I'm a hobby woodworker looking to build some frames for some new cabinets. These are going to be painted. I'm assuming that pine is not the thing to use. What is the best material here? Is it poplar? For the sides (carcasses) would you recommend plywood or mdf?

Lastly, for raised panels, do most people glue up their own pieces and then router them? Does anybody use MDF for such purposes? If using a built-up, would pine work for that or again, would you use the same material that the face frames are made of?

Thanks.


----------



## adeptr (Jul 8, 2008)

Alan........

Poplar would be a good choice for the frames. It is tight pored and would take the paint very well. I recently made two hallway benches out of poplar and it is very easy to work with. I made the cases out of the poplar on these two pieces also because they were stained instead of painted but that can get a little pricy. If your cases are not going to be exposed, I would opt to use birch plywood probably. I personally don't like working with MDF. Clear select pine would also probably work well but has splitting tendencies sometimes.

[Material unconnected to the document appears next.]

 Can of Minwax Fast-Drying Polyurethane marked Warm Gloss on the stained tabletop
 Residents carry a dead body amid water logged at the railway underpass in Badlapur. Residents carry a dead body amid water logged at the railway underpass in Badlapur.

However, I recenly made some raised panels for a couple of doors and frames for my brother to put in his new retirement cottage loft, and these worked really well. He was going to finish them natural instead of painting them though.

Hope this helps some. I would wait and see if some others have differenct experiences and/or recommendations.

Dave
http://www.oldaveswoodshop.com


----------



## bzbatl (Feb 10, 2009)

Agree with poplar.


----------



## ~WoodChuck~ (Jan 17, 2009)

maple would be the best but poplar would be much cheaper. I would stay away from mdf for the doors. I would use a cabinet grade plywood for the shell of the cabinet.


----------



## firefighteremt153 (Jan 25, 2008)

Im with Alan on this. Im about to start building some painted cabinets and was wonering if I could use MDF for just the raised panels or should I just do a glue up of solid wood?


----------



## Alan (Mar 27, 2009)

Thank you all for your responses!!


----------



## mmtools (Aug 21, 2008)

I have used poplar with success. It is stable and easy to mill.


----------



## bzbatl (Feb 10, 2009)

I've seen MDF done for raised panels, but they had a melamine (I think) covering over them. When I took the plastic off the doors, the MDF underneath had the same profile. MDF paints up just fine.


----------



## brett (Apr 3, 2009)

there are many was of going about this pros and cons. my best advise would be to use mdf or a birch plwood to build the cabinet, both will take paint real well. as the faceing goes popular our maple would work both work well, as for doors mdf or birch fiber core, you can route them our leave.work well when you dont have time to build doors. i've used this process be for any times and never had a problem with them


----------